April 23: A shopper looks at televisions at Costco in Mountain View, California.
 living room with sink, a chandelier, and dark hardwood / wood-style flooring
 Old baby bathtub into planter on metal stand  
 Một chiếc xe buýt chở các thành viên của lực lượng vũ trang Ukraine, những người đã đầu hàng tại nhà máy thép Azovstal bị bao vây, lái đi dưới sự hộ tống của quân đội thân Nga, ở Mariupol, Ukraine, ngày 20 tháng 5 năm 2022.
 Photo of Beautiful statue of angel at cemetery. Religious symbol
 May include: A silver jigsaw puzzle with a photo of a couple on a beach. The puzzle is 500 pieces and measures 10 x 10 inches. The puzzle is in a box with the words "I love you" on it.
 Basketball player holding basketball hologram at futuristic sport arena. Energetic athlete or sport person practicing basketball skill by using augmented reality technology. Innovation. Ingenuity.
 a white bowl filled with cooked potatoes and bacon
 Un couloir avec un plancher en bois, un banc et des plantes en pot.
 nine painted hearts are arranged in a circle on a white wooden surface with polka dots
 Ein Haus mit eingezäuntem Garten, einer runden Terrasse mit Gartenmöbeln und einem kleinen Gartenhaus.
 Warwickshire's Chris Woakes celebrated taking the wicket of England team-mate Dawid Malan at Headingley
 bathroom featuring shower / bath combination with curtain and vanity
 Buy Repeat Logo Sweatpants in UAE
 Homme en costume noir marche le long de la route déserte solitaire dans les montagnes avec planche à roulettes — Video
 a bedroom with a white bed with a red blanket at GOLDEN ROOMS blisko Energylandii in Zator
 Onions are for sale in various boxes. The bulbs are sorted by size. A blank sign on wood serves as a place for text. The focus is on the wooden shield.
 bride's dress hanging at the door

ABOUT THIS EXERCISE
Across the entries above, how many lines contain "with"? Provide only the count.

ANSWER FOR THIS EXERCISE
6